§ **TRY IT**
Go through the entries below and work out how many lines include "Waterproof". Answer with the number only.

§ **DATA RECORDS**
================================
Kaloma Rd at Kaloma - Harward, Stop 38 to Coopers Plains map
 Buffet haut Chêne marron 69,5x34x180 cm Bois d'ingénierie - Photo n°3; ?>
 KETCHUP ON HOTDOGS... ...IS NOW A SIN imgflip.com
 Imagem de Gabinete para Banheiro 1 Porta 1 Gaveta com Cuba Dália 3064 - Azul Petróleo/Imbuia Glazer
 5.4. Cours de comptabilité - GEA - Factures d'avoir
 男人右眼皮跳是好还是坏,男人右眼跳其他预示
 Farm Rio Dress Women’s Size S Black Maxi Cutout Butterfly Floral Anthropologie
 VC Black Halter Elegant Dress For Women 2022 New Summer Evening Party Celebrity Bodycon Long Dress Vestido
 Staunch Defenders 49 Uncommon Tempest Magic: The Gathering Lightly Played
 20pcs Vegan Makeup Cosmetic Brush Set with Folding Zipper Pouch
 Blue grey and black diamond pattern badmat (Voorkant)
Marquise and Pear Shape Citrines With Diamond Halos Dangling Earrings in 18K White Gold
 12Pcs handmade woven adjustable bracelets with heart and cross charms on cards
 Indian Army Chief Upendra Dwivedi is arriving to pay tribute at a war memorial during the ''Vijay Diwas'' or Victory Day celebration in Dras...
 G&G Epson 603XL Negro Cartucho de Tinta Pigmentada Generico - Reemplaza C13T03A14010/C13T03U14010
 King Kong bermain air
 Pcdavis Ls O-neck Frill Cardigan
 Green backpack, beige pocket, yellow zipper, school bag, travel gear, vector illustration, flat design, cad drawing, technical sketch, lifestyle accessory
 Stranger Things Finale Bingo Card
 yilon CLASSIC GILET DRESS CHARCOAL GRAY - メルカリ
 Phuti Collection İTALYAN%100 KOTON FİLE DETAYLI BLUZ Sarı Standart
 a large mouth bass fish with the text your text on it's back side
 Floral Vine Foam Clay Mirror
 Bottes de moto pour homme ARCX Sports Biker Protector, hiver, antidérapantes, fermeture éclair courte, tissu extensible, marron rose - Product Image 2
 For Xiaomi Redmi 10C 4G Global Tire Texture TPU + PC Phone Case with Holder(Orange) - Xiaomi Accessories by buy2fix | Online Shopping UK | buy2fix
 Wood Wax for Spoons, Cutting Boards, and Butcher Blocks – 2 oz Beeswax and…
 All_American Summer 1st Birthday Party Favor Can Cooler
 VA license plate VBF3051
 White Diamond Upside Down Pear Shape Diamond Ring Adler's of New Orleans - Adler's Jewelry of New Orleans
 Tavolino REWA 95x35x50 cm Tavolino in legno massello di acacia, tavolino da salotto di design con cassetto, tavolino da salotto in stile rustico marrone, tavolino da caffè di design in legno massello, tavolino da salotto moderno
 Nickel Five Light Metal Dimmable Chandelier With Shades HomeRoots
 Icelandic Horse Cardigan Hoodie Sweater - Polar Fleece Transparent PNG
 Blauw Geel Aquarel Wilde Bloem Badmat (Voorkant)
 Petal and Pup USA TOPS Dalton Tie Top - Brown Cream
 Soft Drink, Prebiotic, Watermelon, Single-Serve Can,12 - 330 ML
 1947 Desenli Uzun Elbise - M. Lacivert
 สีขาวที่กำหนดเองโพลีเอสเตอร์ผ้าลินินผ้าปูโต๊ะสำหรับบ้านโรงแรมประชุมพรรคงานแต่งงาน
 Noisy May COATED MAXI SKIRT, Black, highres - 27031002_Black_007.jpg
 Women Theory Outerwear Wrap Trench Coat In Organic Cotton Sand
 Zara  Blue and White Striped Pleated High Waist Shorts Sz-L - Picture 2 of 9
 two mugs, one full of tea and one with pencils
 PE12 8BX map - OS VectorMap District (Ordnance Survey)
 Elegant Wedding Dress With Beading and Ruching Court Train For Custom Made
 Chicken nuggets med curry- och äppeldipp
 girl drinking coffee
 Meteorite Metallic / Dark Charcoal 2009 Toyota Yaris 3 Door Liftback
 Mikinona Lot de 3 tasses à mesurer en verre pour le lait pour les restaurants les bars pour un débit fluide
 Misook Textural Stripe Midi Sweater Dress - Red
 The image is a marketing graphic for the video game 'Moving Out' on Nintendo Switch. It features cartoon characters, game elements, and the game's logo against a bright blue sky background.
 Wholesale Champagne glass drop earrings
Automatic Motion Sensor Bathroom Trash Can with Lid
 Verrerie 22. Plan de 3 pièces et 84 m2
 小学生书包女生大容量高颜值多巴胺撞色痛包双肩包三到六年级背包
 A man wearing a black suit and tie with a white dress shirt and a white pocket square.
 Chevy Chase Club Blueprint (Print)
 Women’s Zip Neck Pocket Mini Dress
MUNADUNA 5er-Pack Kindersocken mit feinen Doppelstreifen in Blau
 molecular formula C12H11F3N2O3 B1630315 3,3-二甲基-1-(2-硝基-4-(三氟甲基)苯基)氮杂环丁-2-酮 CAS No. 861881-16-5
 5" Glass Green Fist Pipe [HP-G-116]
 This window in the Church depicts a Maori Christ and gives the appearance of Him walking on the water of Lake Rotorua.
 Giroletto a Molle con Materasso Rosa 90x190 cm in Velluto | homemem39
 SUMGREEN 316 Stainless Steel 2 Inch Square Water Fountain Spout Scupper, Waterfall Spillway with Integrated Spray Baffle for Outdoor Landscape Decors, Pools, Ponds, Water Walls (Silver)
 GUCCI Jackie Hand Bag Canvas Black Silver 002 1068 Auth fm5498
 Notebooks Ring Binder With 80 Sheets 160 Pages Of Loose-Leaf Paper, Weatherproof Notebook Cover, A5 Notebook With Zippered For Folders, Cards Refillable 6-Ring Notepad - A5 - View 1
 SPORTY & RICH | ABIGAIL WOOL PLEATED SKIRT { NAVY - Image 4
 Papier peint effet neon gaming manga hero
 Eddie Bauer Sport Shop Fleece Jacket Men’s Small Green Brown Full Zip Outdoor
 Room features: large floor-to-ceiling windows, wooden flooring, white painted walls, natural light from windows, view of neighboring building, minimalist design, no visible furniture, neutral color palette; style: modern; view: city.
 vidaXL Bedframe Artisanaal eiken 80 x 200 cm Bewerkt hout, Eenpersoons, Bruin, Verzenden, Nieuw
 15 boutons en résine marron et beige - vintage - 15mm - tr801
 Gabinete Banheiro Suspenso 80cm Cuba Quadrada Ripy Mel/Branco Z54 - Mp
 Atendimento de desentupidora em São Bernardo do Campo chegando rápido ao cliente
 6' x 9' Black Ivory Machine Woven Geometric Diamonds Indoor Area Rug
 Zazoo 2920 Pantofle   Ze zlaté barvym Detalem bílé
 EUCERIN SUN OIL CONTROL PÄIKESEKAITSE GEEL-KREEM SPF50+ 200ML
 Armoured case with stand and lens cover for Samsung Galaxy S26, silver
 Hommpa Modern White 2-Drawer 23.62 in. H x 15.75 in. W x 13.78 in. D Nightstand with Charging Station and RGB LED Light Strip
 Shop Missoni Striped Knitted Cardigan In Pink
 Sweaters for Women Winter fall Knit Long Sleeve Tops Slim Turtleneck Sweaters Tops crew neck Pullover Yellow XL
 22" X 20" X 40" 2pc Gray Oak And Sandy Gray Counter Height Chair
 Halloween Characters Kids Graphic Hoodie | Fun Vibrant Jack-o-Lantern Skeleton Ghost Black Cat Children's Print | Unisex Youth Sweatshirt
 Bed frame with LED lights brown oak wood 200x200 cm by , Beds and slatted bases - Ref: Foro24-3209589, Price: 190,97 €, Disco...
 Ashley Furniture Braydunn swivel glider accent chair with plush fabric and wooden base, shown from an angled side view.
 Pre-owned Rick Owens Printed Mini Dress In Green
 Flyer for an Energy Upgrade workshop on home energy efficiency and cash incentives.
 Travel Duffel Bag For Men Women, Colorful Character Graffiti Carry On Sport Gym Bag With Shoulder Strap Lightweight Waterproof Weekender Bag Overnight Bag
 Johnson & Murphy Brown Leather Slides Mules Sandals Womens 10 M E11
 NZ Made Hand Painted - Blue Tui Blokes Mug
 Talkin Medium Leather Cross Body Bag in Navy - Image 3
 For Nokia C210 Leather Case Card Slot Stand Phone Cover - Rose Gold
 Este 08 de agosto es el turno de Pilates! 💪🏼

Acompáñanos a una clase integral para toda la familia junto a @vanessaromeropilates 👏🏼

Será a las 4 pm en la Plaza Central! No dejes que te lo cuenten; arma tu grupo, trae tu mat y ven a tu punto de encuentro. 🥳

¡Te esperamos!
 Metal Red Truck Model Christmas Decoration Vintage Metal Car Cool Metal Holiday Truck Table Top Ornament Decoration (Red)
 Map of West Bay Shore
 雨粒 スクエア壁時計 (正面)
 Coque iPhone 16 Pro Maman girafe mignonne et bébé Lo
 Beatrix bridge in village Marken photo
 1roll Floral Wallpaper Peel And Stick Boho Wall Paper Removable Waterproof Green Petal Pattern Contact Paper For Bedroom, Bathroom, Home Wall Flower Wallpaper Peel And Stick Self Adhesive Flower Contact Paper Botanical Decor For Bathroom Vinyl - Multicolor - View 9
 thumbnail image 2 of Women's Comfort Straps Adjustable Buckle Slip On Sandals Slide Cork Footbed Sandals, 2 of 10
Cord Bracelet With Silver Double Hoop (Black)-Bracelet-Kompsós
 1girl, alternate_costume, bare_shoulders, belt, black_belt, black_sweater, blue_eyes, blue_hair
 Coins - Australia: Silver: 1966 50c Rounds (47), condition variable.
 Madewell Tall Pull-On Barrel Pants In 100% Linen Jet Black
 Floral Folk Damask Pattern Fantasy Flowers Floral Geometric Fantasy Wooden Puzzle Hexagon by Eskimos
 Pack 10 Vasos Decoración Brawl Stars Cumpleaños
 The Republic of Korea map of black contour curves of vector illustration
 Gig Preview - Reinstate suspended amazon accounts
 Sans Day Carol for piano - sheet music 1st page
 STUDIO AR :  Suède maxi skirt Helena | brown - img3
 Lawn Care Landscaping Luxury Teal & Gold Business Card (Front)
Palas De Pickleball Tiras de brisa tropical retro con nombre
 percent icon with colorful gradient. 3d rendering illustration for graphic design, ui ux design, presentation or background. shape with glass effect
================================
§ **SOLUTION TO THIS EXERCISE**
2